● Provided data
=-=-=-=-=
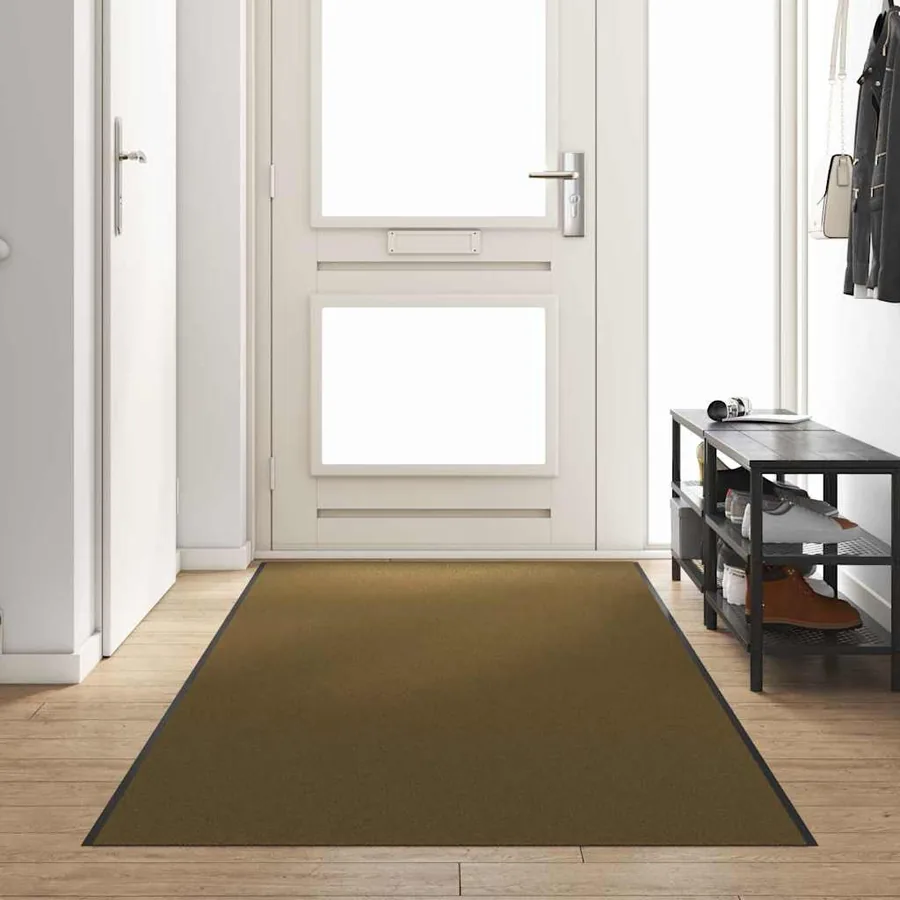 Tapis d'entrée Marron et Noir 120 x 400 cm 100% Polyamide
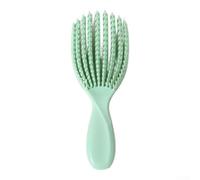 Cepillo desenredante diseñado para un aseo sin enredos y mejora del volumen, accesorio portátil para el cuidado del cabello (verde)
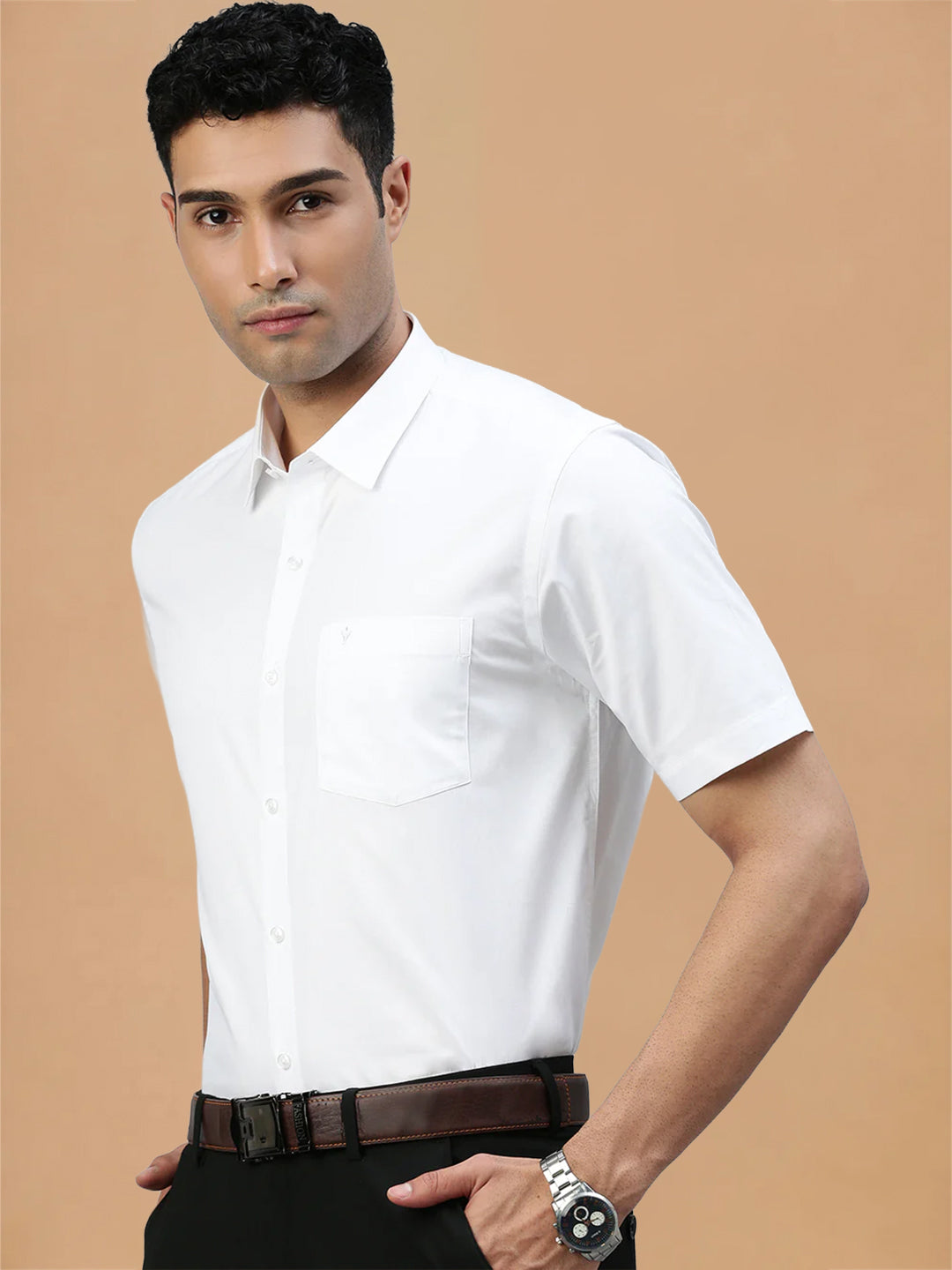 Starch Finish 100% Cotton White Shirt – Cool Cotton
=-=-=-=-=
● Exercise brief
Give all of the material again, exactly, apart from the pictures.

● Problem solution
 Tapis d'entrée Marron et Noir 120 x 400 cm 100% Polyamide
 Cepillo desenredante diseñado para un aseo sin enredos y mejora del volumen, accesorio portátil para el cuidado del cabello (verde)
 Starch Finish 100% Cotton White Shirt – Cool Cotton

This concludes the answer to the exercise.